Records for the task: Begin

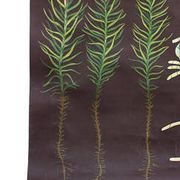 Educational painting of Jung-Koch-Quentell, polytrichum 1959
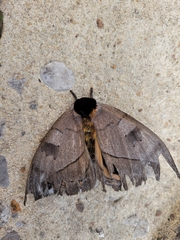 Automeris argentifera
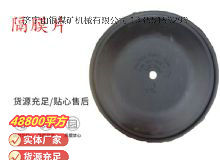 點(diǎn)擊查看詳細(xì)信息<br>標(biāo)題：氣動隔膜泵配件-隔膜片 閱讀次數(shù)：168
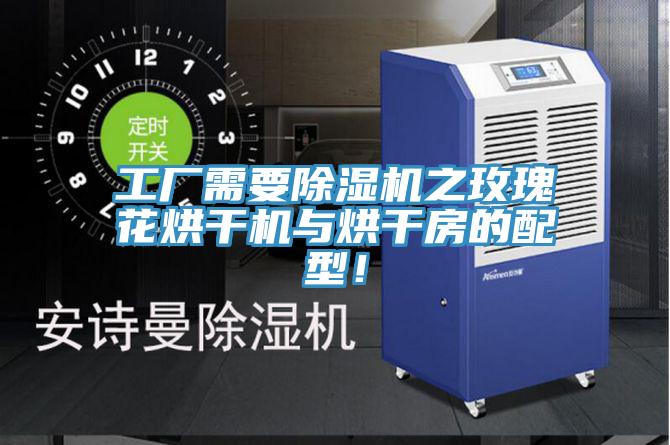 工廠需要除濕機之玫瑰花烘干機與烘干房的配型！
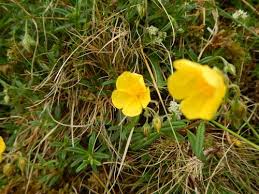 Attēlu rezultāti vaicājumam “Helianthemum x hybridum flower”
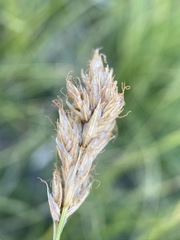 Carex douglasii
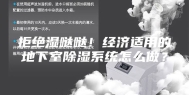 拒绝湿哒哒！经济适用的地下室除湿系统怎么做？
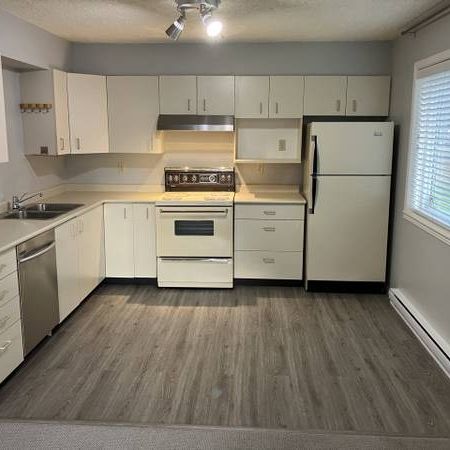 Bright, Clean, Spacious Full Height Suite in Great Location - Photo 4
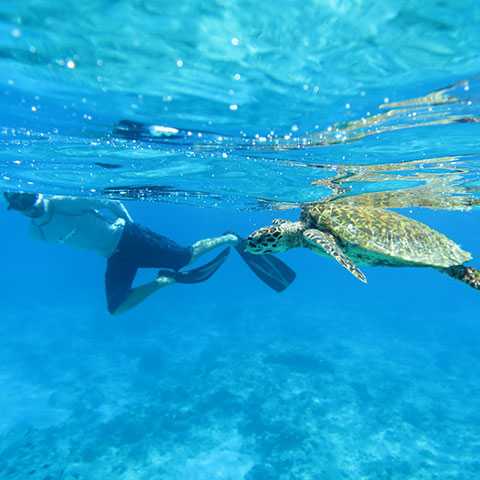 Snorkelling in North Island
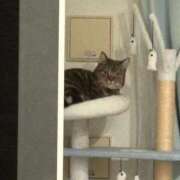 ヒメ日記 2025/11/17 16:27 投稿 戌亥とこ ラブアイドル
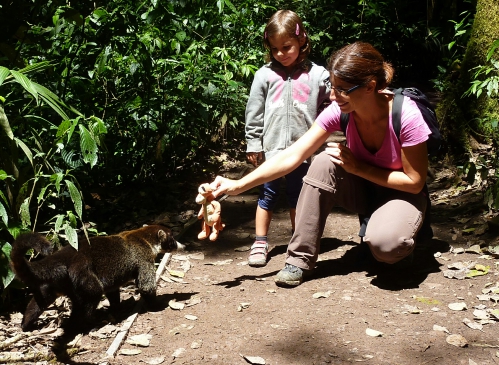 Costa Rica réserve de Monteverde rencontre avec un coatti~07~01.jpg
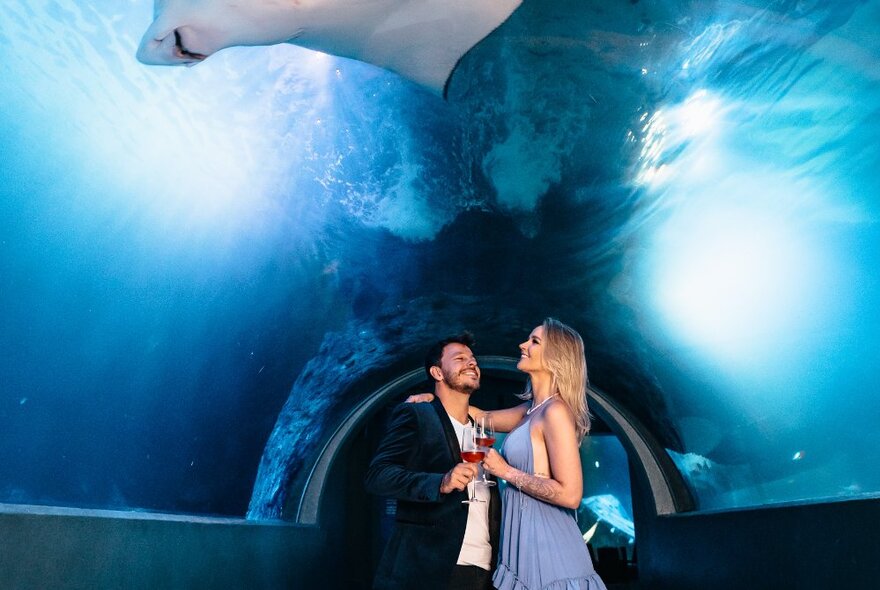 A couple holding wine glasses standing under a perspex tunnel in an aquarium while a manta ray swims overhead.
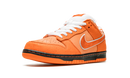 Nike SB Dunk Concepts Orange Lobster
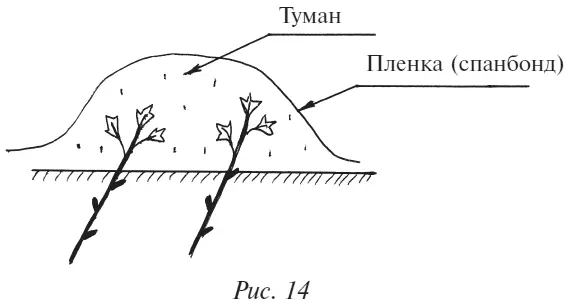 Смородина и крыжовник находящиеся в близком морфологическом родстве имеют и - фото 18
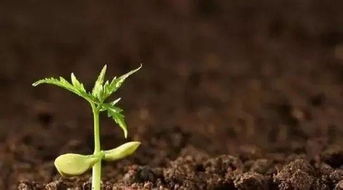 毛叶苕子让土壤变好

Records for the task: End

> [To do]: Copy every record exactly, without the pictures.

> [Answer for this exercise]:
 Educational painting of Jung-Koch-Quentell, polytrichum 1959
 Automeris argentifera
 點(diǎn)擊查看詳細(xì)信息<br>標(biāo)題：氣動隔膜泵配件-隔膜片 閱讀次數(shù)：168
 工廠需要除濕機之玫瑰花烘干機與烘干房的配型！
 Attēlu rezultāti vaicājumam “Helianthemum x hybridum flower”
 Carex douglasii
 拒绝湿哒哒！经济适用的地下室除湿系统怎么做？
 Bright, Clean, Spacious Full Height Suite in Great Location - Photo 4
 Snorkelling in North Island
 ヒメ日記 2025/11/17 16:27 投稿 戌亥とこ ラブアイドル
 Costa Rica réserve de Monteverde rencontre avec un coatti~07~01.jpg
 A couple holding wine glasses standing under a perspex tunnel in an aquarium while a manta ray swims overhead.
 Nike SB Dunk Concepts Orange Lobster
 Смородина и крыжовник находящиеся в близком морфологическом родстве имеют и - фото 18
 毛叶苕子让土壤变好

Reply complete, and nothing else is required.